どうみても背景には政治的思惑があるにもかかわらず、“日銀の独立性云々”などというもっともらしい理屈をこね続けている民主党(及びその他野党)はもはやどうしようもないと思うが、かといって、「協議で何とか・・・」と非生産的な戦略に終始している与党もいただけない。
そもそも副総裁就任の時点から、民主党は武藤氏に「No!」という意思を表明していたのであって(少なくとも行動としては)、総裁就任に際しても同じ戦略を取るだけの口実は十分に整っていたのだから、昨夏に国会の構成が変わった時点で、何らかのリスク回避策を用意していても良かったのではないかと思うのだが、これまでの動きを見る限り、そんな“隠し玉”が用意されているようにも思えない。
このまま行くと、状況が何も変わらないまま、福井現総裁の任期切れを迎えそうな雰囲気であるが、この状況を打開するため、自分の浅知恵で少し考えてみた。
今もめている日銀総裁をはじめ、日銀役員の地位について定めているのが日銀法なのであるが、そこには↓のような条項が置かれている*1。
(役員の任命)
第23条 総裁及び副総裁は、両議院の同意を得て、内閣が任命する。
2 審議委員は、経済又は金融に関して高い識見を有する者その他の学識経験のある者のうちから、両議院の同意を得て、内閣が任命する。
3 監事は、内閣が任命する。
4 理事及び参与は、委員会の推薦に基づいて、財務大臣が任命する。
5 総裁、副総裁又は審議委員の任期が満了し、又は欠員が生じた場合において、国会の閉会又は衆議院の解散のために両議院の同意を得ることができないときは、内閣は、第1項及び第2項の規定にかかわらず、総裁、副総裁又は審議委員を任命することができる。
6 前項の場合においては、任命後最初の国会において両議院の事後の承認を得なければならない。この場合において、両議院の事後の承認が得られないときは、内閣は、直ちにその総裁、副総裁又は審議委員を解任しなければならない。
(役員の職務及び権限)
第22条 総裁は、日本銀行を代表し、委員会の定めるところに従い、日本銀行の業務を総理する。
2 副総裁は、総裁の定めるところにより、日本銀行を代表し、総裁を補佐して日本銀行の業務を掌理し、総裁に事故があるときはその職務を代理し、総裁が欠員のときはその職務を行う。
3 監事は、日本銀行の業務を監査する。
4 監事は、監査の結果に基づき必要があると認めるときは、財務大臣、内閣総理大臣又は委員会に意見を提出することができる。

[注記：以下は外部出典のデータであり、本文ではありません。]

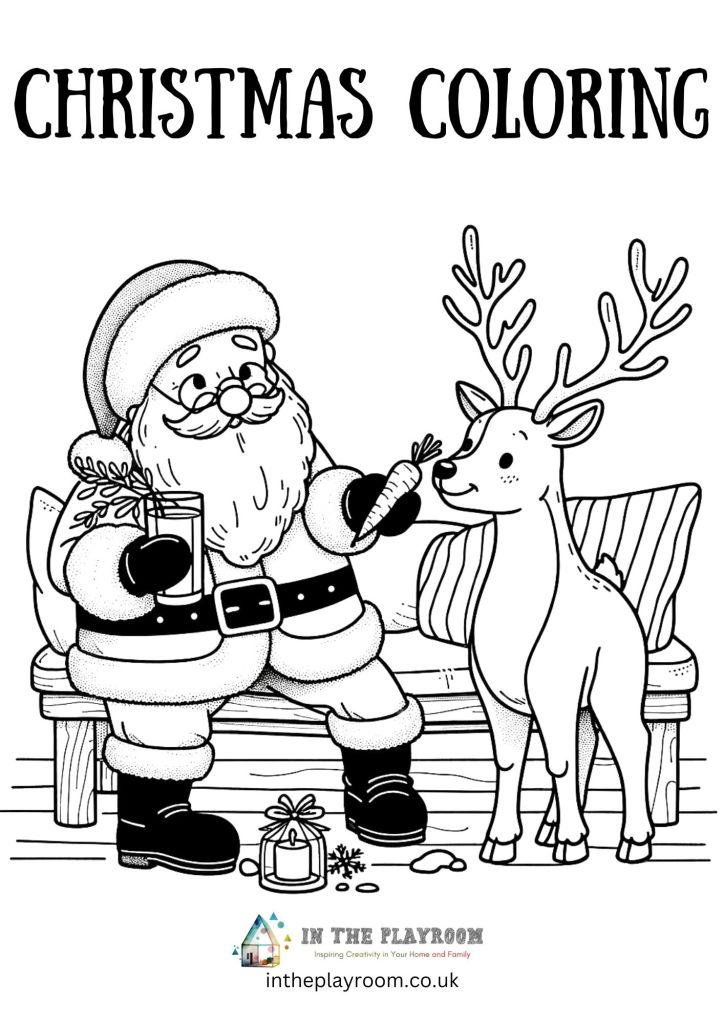 Free printable santa loring pages for kids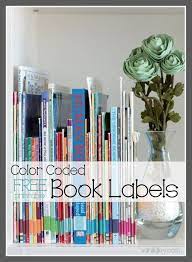 Students will learn the order of the books in the old and new testament, (color coding of accent details identifies which testament the book falls into and roman numerals tell it's order. Free Printable Color Coded Book Spine Labels For Home Library Organization 30 Topics Plus A Blank Te Book Labels Library Labels Classroom Organization Labels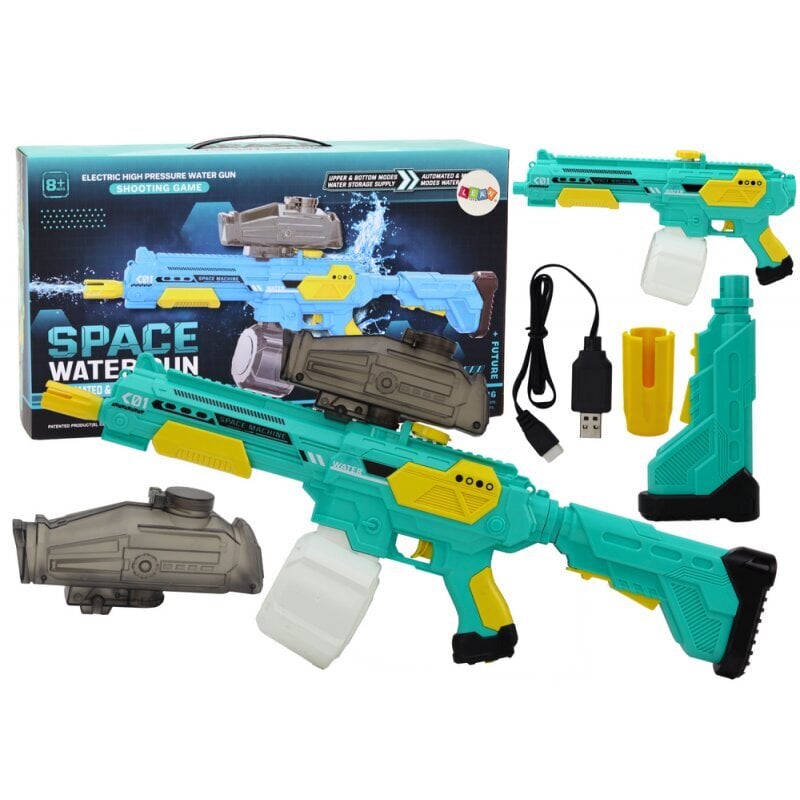 Įkraunamas vandens šautuvas Lean Toys, M416, 500 ml kaina ir informacija | Vandens, smėlio ir paplūdimio žaislai | pigu.lt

5 理事は、総裁の定めるところにより、総裁及び副総裁を補佐して日本銀行の業務を掌理し、総裁及び副総裁に事故があるときは総裁の職務を代理し、総裁及び副総裁が欠員のときは総裁の職務を行う。
6 参与は、日本銀行の業務運営に関する重要事項について、委員会の諮問に応じ、又は必要があると認めるときは、委員会に意見を述べることができる。

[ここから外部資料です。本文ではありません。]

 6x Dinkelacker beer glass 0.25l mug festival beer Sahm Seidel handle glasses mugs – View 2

今の問題は、言うまでもなく、第23条1項の「両議院の同意」が得られない、という点にある。
それゆえ、現在(1)「協議による妥協」、(2)「人事案の差し替え」という2つの策が論じられているのであるが、筆者が太線を付した他の規定と合わせ読むと、両議院の同意が得られない場合に、内閣が採りうる手段は他にもあるように思われる。
例えば、
(3)福井総裁の任期切れ直前に衆議院を解散する。
→ これによって参議院も閉会するため、内閣は23条5項に基づき、「任期が満了し・・た場合において、国会の閉会又は衆議院の解散のために両議院の同意を得ることができないとき」にあたるとして、従来の人事案に基づき総裁・副総裁を任命できる。
→ この場合、23条6項に基づき再開後の国会で両議院の承認を受ける必要があるが、衆議院選挙で与党が現在の人事案の支持を訴え多数を確保した場合には、参議院といえども内閣の人事案に露骨に不同意との判断を下すことはできないはず(願望)。
などというやり方が考えられる。
これについては、似たような事案として、郵政民営化法案が争点になっていた2005年の衆議院解散(及び選挙後の法案成立過程)が記憶に新しいところであろう。

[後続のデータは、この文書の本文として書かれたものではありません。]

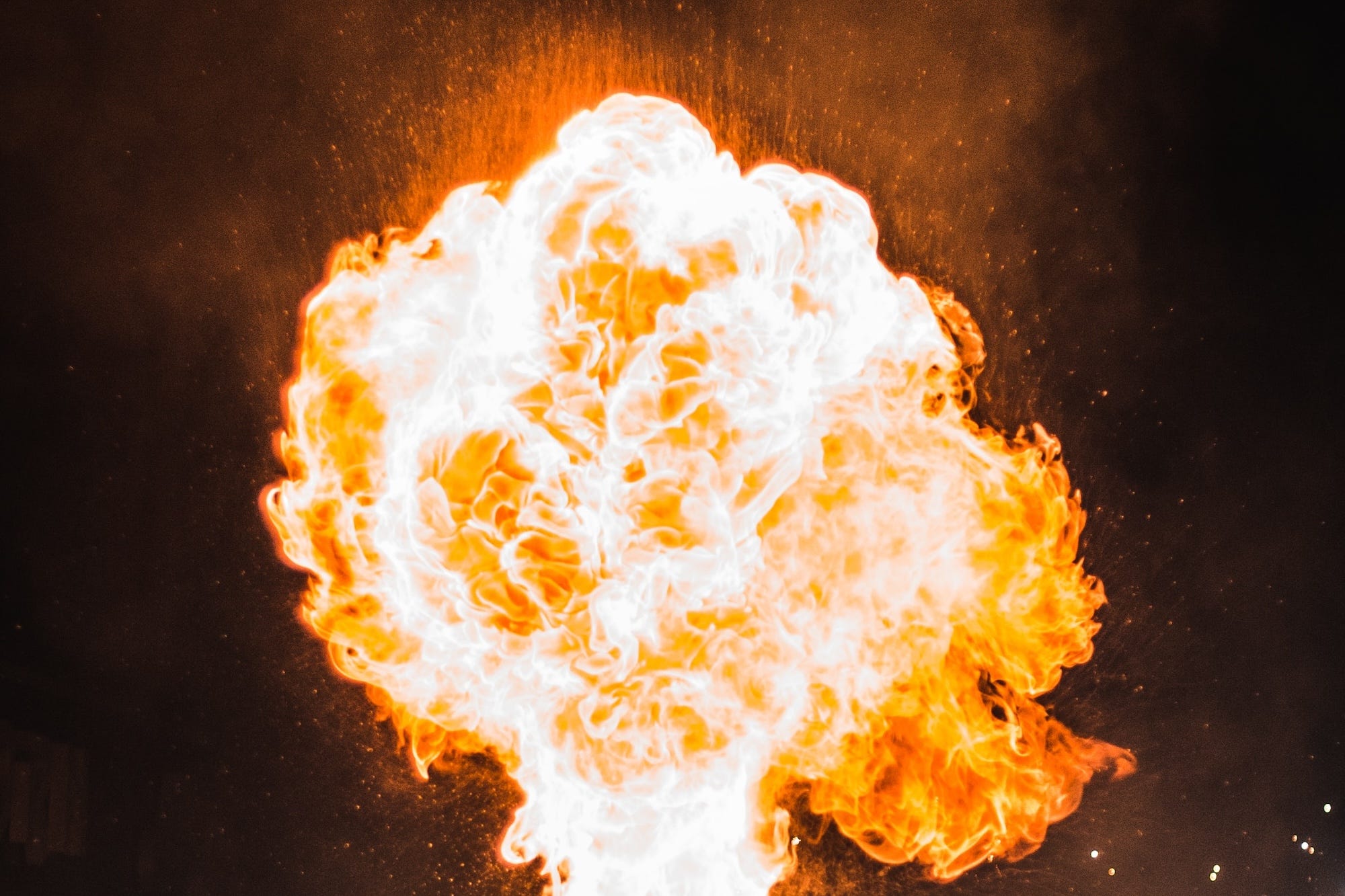 photo of a fireball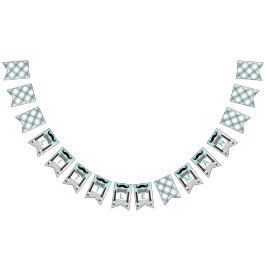 リトルマンベビーミントグリーングレー男の赤ちゃんシャワー バンティングフラッグ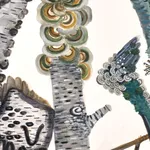 Katie DeGroot, Vogue House of Trees (the birches), 2022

もちろん、日銀総裁人事が、選挙の焦点となりうるほどのインパクトを持つ話題になることは考えにくいし(仮に今解散したら道路特定財源(ガソリン税)問題の方が、争点としては大きくなるだろう)、現在驚異の議席数を保有する与党側が選挙後議席数を減らすことは避けられない以上、参議院の多数派が、郵政民営化時の造反議員のように、あっさりと「衆議院の意思」に従うとも考えにくい。
何よりも、衆議院の優越が認められる法律案の議決と異なり、同意人事はあくまで「両議院の」同意によらねばならない以上、現行法の規定の下では、参議院が反対すれば、衆議院の構成がどうなろうが話が前に進まない、という構造的な問題があり、それは選挙を経たくらいでは何ら変わるものではない・・・*2。
となれば、現内閣には、いっそのこと、
(4)「日本銀行法」(日銀法)を改正して、「両議院の同意」要件自体を取り払う(あるいは両議院の意思が相反したときの調整規定として、衆議院の優越に関する規定を盛り込む)。衆議院で可決されてから再議決ができるようになるまで最大60日の空白が生じうることになるが*3、その間は白川・新副総裁の職務代行(22条2項)でしのいでおけば、少なくともサミットには間に合う(苦笑)。
といった手段を取ってはどうか、と提案したくもなるものだ。
両議院の同意要件が盛り込まれている趣旨を考えれば、これは一種の「暴挙」かもしれないし、人事上の空白が生まれうる、という点を考えると、結局は根本的な問題の解決にはなっていない、という批判もあるだろうが、このままズルズルと野党の党利党略に振り回されて世界に恥を晒すよりは、少々の空白が生じても、確実に次期総裁が選任されるメドを立てておく方が、まだマシなのではないかと思えてしまうのも事実。
いずれにせよ、生産性のないバカバカしい議論は、さっさと終わりにしてもらいたいものだと思う。